Forbidden Constellation's Blade

Chapter 118: No Loose Ends


The final days passed by in a blink.

Preparations were made, decisions finalized, and plans set in motion after much thought.

Tomorrow, Bloodmane would call the summit.

The fire had burned low by the time Mira finished speaking.

"By their pace," she said quietly, "Bloodmane's army will take about a day to reach the summit grounds. Maybe less if they don't bother resting."

Ryn nodded once, already running the timing in his head.

"And Central takes about half a day from Moonlight."

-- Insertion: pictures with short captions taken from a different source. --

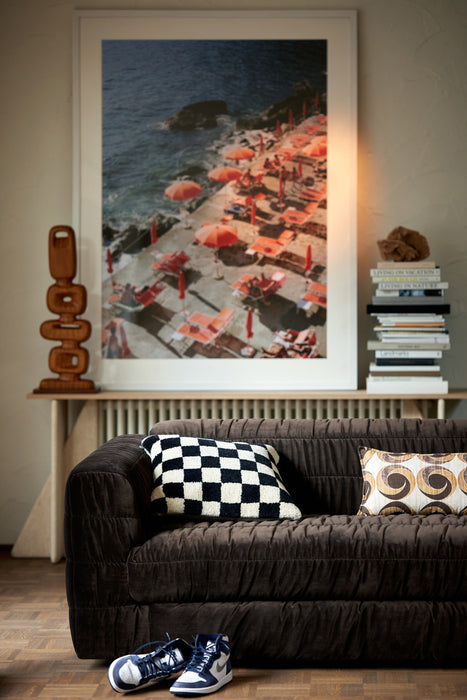 framed photo of orange parasols at Amalfi Coast in a living room
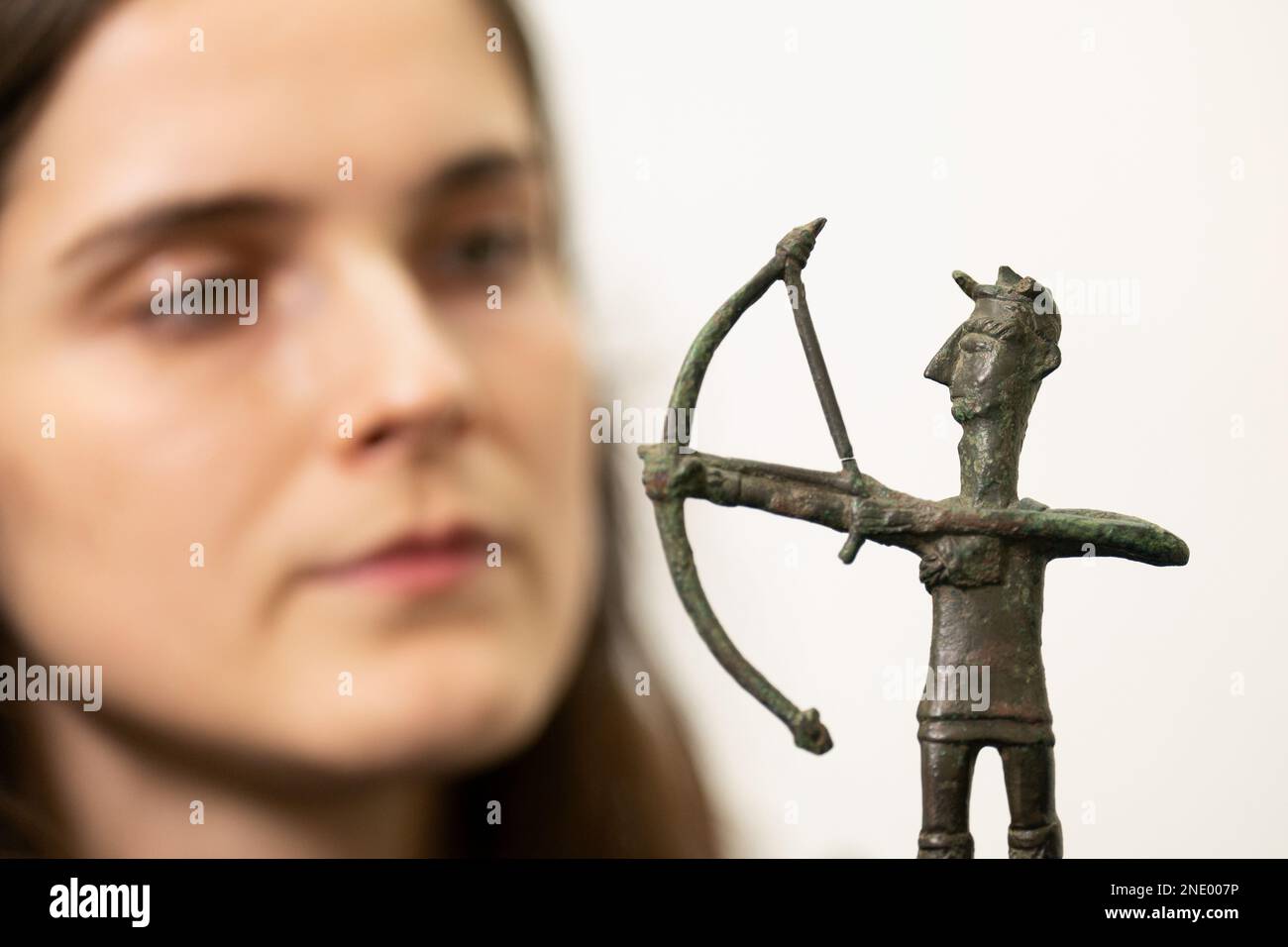 Olivia Maguire inspects a bronze figurine of an archer (1000???700 BCE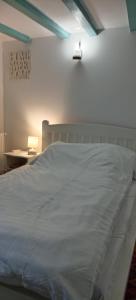 a bed with a white blanket on it in a bedroom at Casa cu Turn in Sărata-Monteoru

Ryn looked up at the night sky. The clouds were thin tonight, dark and stretched out like spilled ink on paper.

Cold air settled into his lungs as he exhaled slowly.

"Good," he said. "Then they'll already be marching by the time we arrive."

Jay shifted near the edge of the camp, glancing toward the dark horizon. "And the Moonlight Tribe?"

Ryn didn't answer immediately.

He turned toward Mira instead. Toward the people behind her, toward the determined eyes.

"There will be violence," Ryn said plainly.

Mira didn't deny it. She only nodded.

He met Mira's gaze.

"And we won't be here when that happens."

Mira inhaled slowly. "I know."

"Then I'm trusting you," he said. "Survive."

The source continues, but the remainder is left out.